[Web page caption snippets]
■ ■ ■

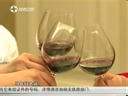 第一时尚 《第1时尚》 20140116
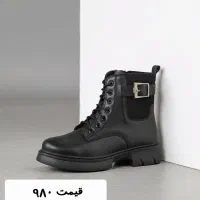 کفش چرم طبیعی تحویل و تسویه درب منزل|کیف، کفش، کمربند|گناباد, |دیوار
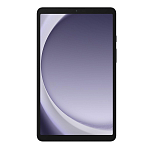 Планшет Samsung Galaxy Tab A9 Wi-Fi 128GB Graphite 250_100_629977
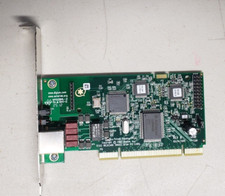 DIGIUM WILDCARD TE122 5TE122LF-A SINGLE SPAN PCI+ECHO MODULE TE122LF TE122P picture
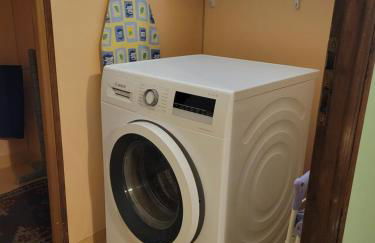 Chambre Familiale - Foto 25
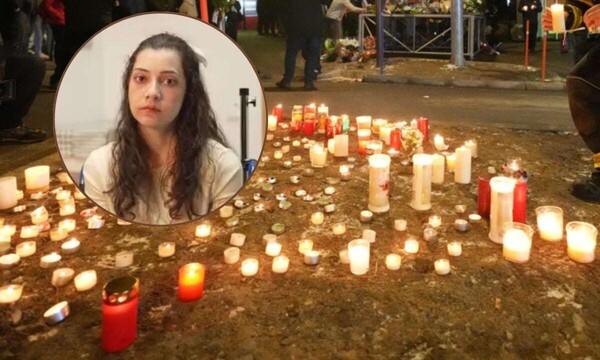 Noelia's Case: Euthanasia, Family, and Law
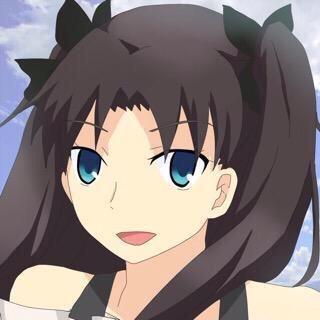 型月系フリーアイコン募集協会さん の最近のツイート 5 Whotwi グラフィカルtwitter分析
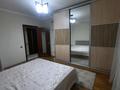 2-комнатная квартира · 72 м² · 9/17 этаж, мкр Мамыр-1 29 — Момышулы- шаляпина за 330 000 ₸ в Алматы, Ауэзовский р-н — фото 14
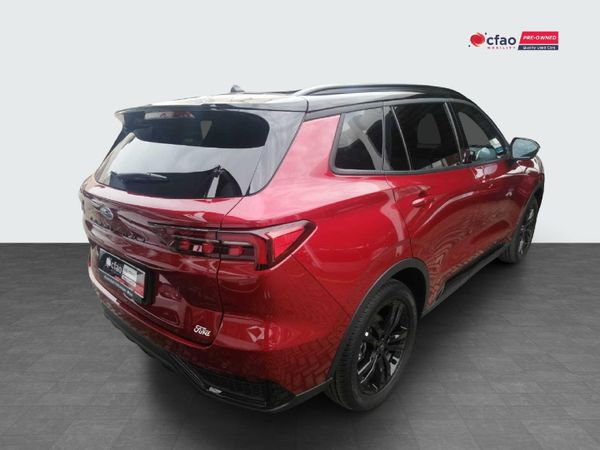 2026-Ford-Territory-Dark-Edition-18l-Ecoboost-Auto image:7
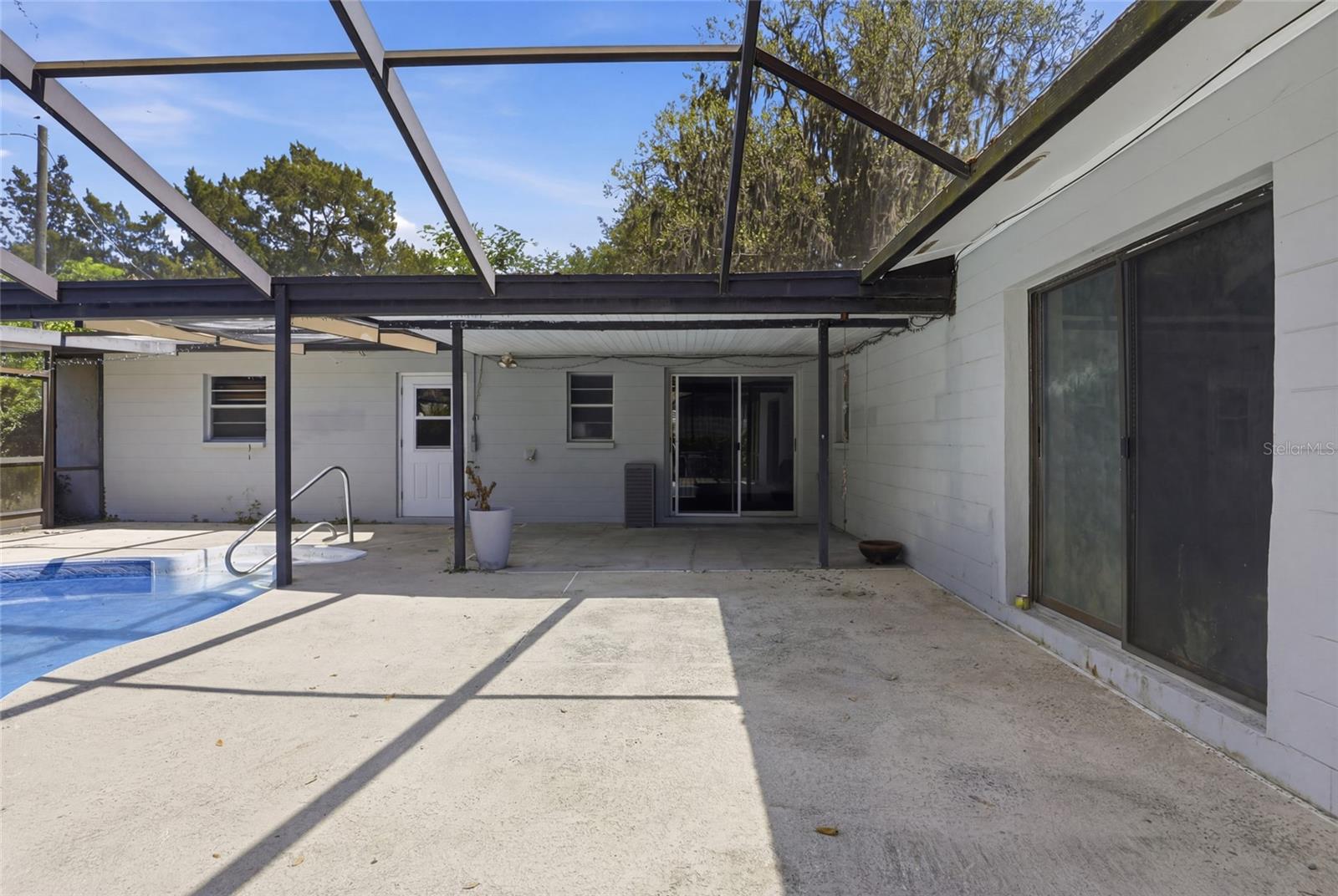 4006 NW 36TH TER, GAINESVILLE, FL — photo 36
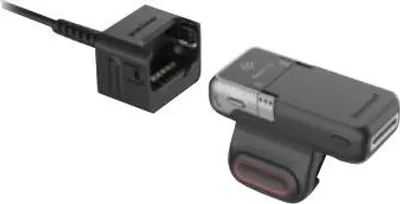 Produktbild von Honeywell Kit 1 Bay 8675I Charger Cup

■ ■ ■

• Task description:
Copy out every line of the data above, taking care to leave the pictures out.

• Response box:
 第一时尚 《第1时尚》 20140116
 کفش چرم طبیعی تحویل و تسویه درب منزل|کیف، کفش، کمربند|گناباد, |دیوار
 Планшет Samsung Galaxy Tab A9 Wi-Fi 128GB Graphite 250_100_629977
 DIGIUM WILDCARD TE122 5TE122LF-A SINGLE SPAN PCI+ECHO MODULE TE122LF TE122P picture
 Chambre Familiale - Foto 25
 Noelia's Case: Euthanasia, Family, and Law
 型月系フリーアイコン募集協会さん の最近のツイート 5 Whotwi グラフィカルtwitter分析
 2-комнатная квартира · 72 м² · 9/17 этаж, мкр Мамыр-1 29 — Момышулы- шаляпина за 330 000 ₸ в Алматы, Ауэзовский р-н — фото 14
 2026-Ford-Territory-Dark-Edition-18l-Ecoboost-Auto image:7
 4006 NW 36TH TER, GAINESVILLE, FL — photo 36
 Produktbild von Honeywell Kit 1 Bay 8675I Charger Cup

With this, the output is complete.